Kowalski missed freedom and food and friends, of course. But the real struggle came with her return to the real world once the isolation was over: “reentry, not to the atmosphere but to the planet,” she told the conference audience. She didn’t remember how to go about having friends, hobbies or a job and had trouble dealing with requests coming from lots of sources instead of just mission control.

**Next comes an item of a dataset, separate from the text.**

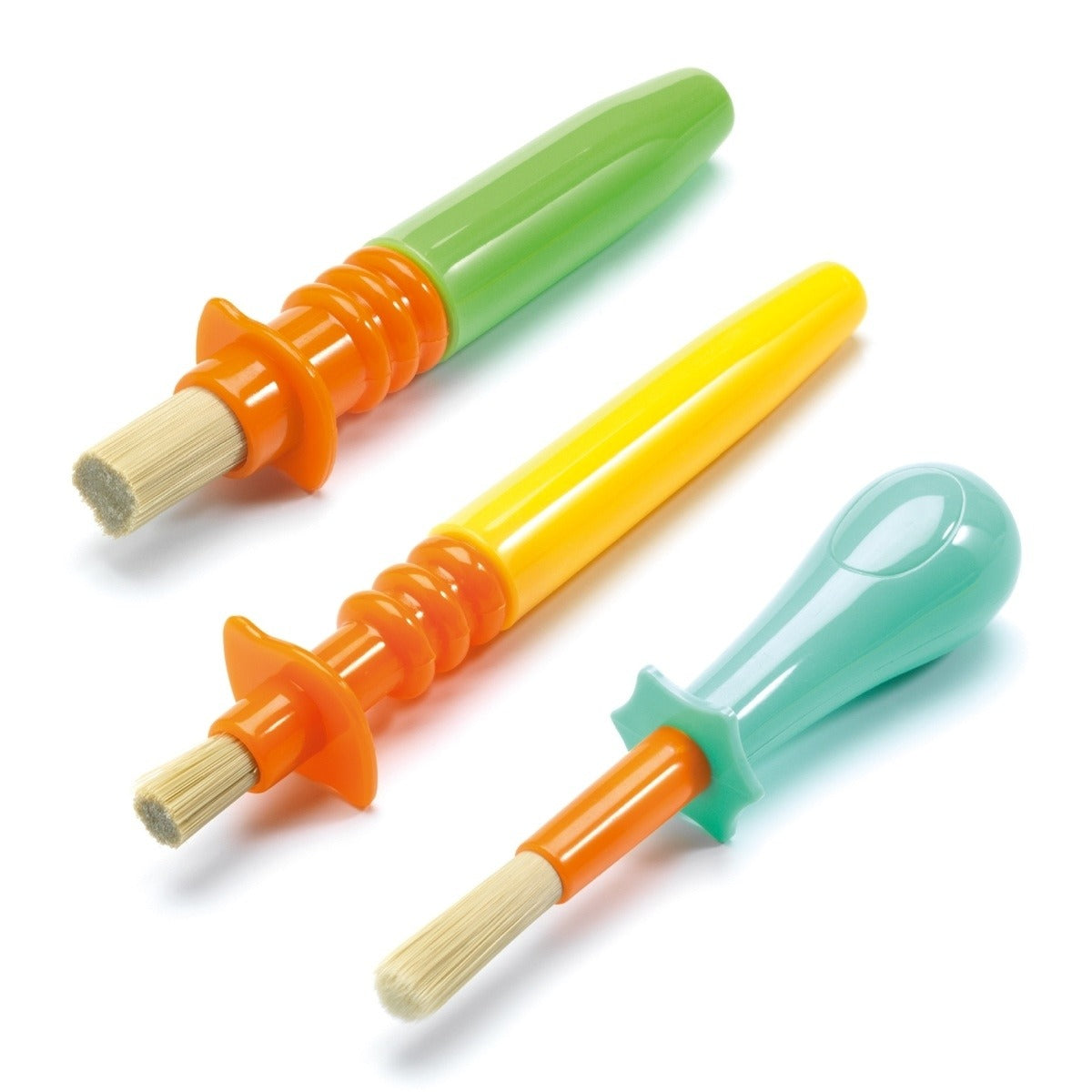 Djeco - Farben: 3 clevere Pinsel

In the Q&A period after the talk, Tara Sweeney, a geologist in the audience, thanked Kowalski for talking about that part of the experience. Sweeney had just returned from a long stay in Antarctica and also didn’t quite know how to reintegrate into life in a more hospitable place. They had both missed “Earth,” the real world. But it was hard to come back.
These effects were reported at a conference of space enthusiasts. You can guess how they responded.
Still, the Analog Astronaut Conference crowd remained optimistic. “Where do we go from here?” conference founder and actual astronaut Sian Proctor asked at one point. On cue, the audience members pointed upward and said, “To the moon!”
I think maybe the real psychopaths aren’t the extreme loners who go out into the dangerous frontier, but the well-off people who send them there.